* _EXERCISE DIRECTIONS_: What you write should be an exact repeat of the lines from the one with "上海英雄联盟业余战队数量与影响力调查" through the final line below, minus the pictures.

# # # # #

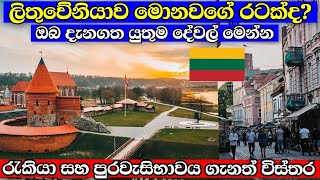 ලිතුවේනියාව ගැන ඔබ දැනගත යුතුම දේවල් | lithuania sinhala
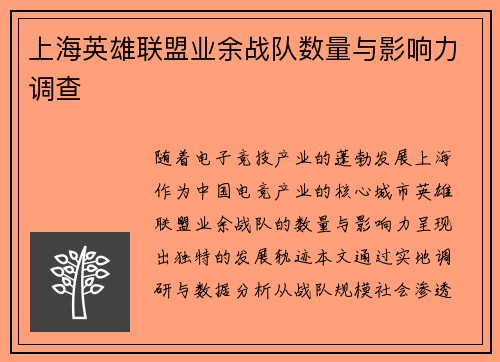 上海英雄联盟业余战队数量与影响力调查
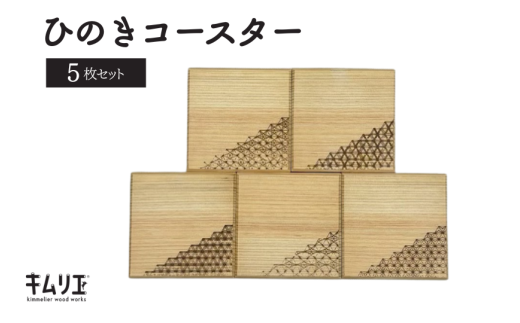 ひのきコースター(5枚セット)千葉県松戸市13000衣類・装飾品・工芸品その他 装飾品・工芸品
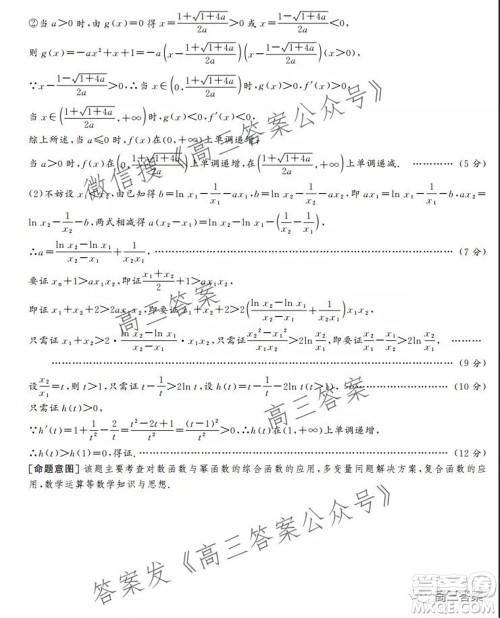 神州智达省级联测2021-2022第三次考试数学试题及答案 神州智达省级联测2021-2022第三次考试数学试题及答案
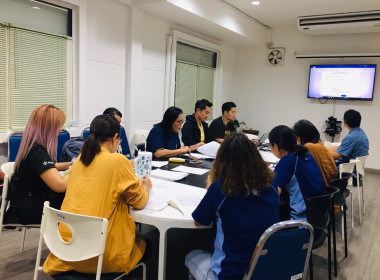 เข้าร่วมประชุมคณะกรรมการดำเนินการสหกรณ์ออมทรัพย์วาย.เอ็ม.เอฟ.อินเตอร์เนชั่นแนลไทย จำกัด ... พารามิเตอร์รูปภาพ 1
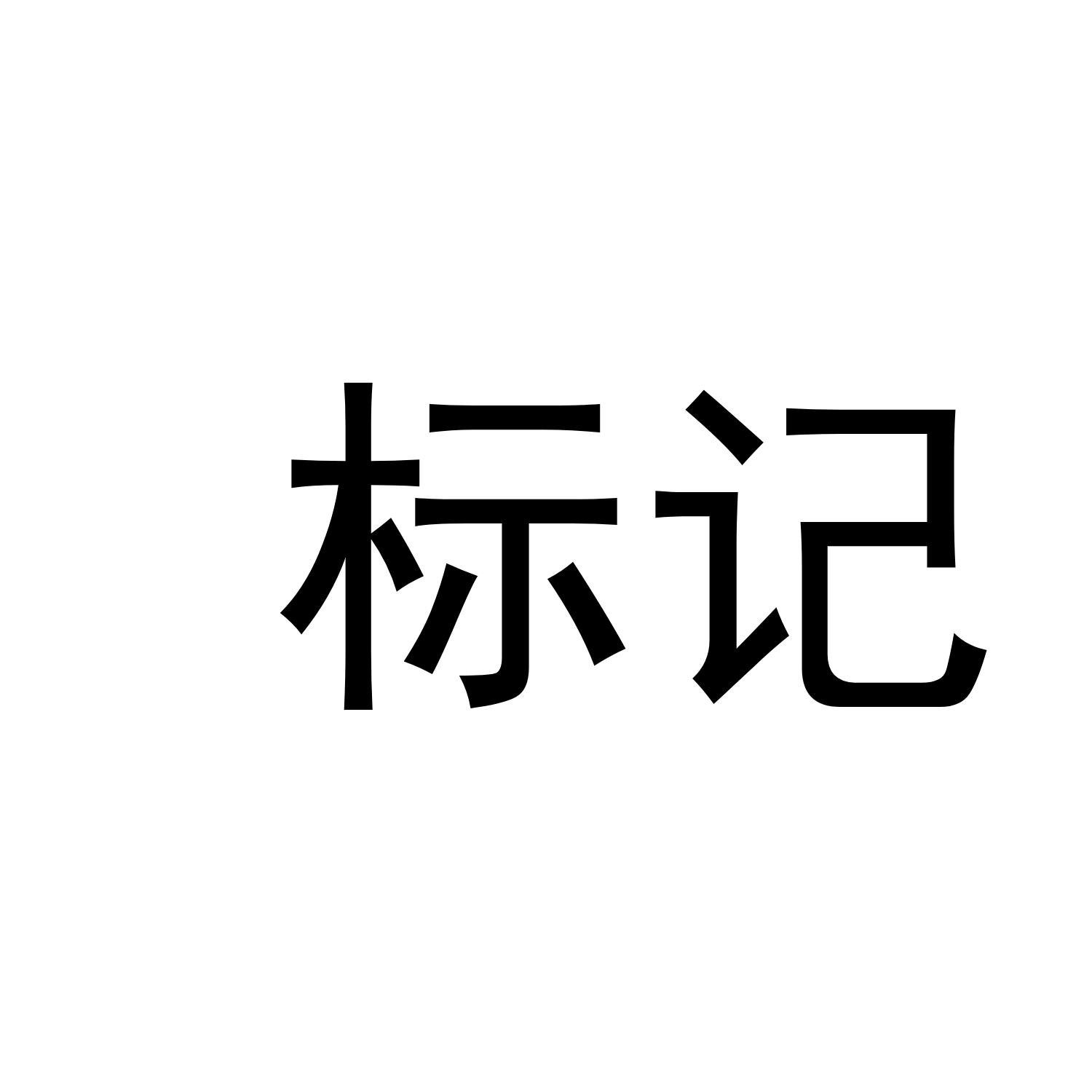 标记 商标公告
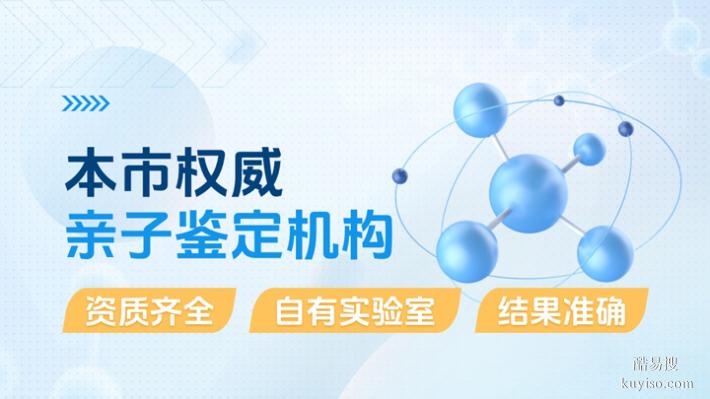 長(zhǎng)春推薦10所孕早期親子鑒定的機(jī)構(gòu)大全（親緣關(guān)系確認(rèn)）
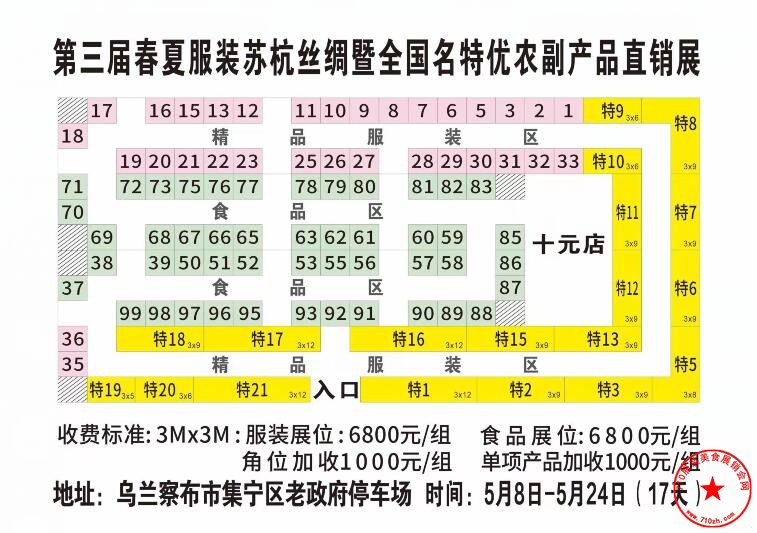 QQ截图20240426093512.jpg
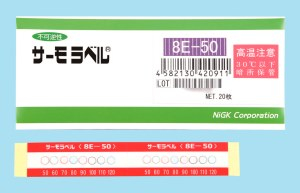 日油技研Thermolabel溫度指示器8E-50 8E-90高溫測溫紙50-160℃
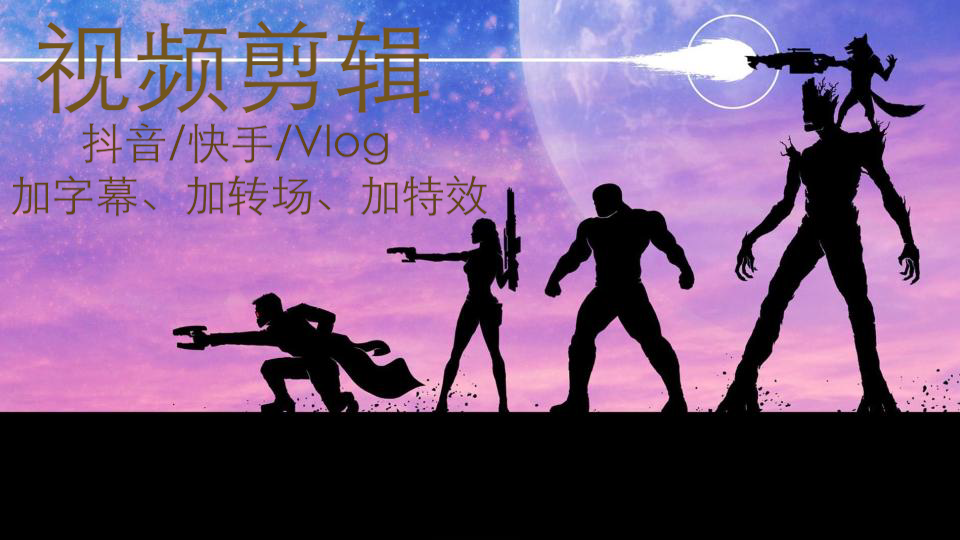 我可以使用PR完成15-90秒视频剪辑工作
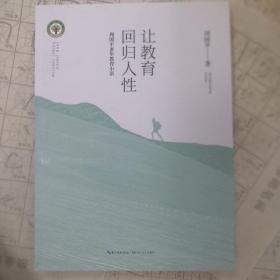 让教育回归人性 周国平30年教育小语/大教育书系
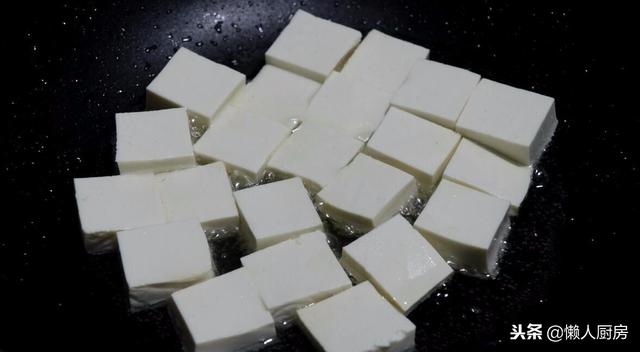 糖醋脆皮豆腐的做法 这是糖醋脆皮豆腐的家常做法(5)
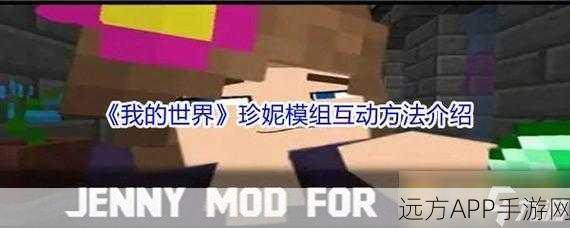 我的世界,探索与珍妮的奇妙互动之旅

# # # # #

* _RESPONSE_:
 上海英雄联盟业余战队数量与影响力调查
 ひのきコースター(5枚セット)千葉県松戸市13000衣類・装飾品・工芸品その他 装飾品・工芸品
 神州智达省级联测2021-2022第三次考试数学试题及答案 神州智达省级联测2021-2022第三次考试数学试题及答案
 เข้าร่วมประชุมคณะกรรมการดำเนินการสหกรณ์ออมทรัพย์วาย.เอ็ม.เอฟ.อินเตอร์เนชั่นแนลไทย จำกัด ... พารามิเตอร์รูปภาพ 1
 标记 商标公告
 長(zhǎng)春推薦10所孕早期親子鑒定的機(jī)構(gòu)大全（親緣關(guān)系確認(rèn)）
 QQ截图20240426093512.jpg
 日油技研Thermolabel溫度指示器8E-50 8E-90高溫測溫紙50-160℃
 我可以使用PR完成15-90秒视频剪辑工作
 让教育回归人性 周国平30年教育小语/大教育书系
 糖醋脆皮豆腐的做法 这是糖醋脆皮豆腐的家常做法(5)
 我的世界,探索与珍妮的奇妙互动之旅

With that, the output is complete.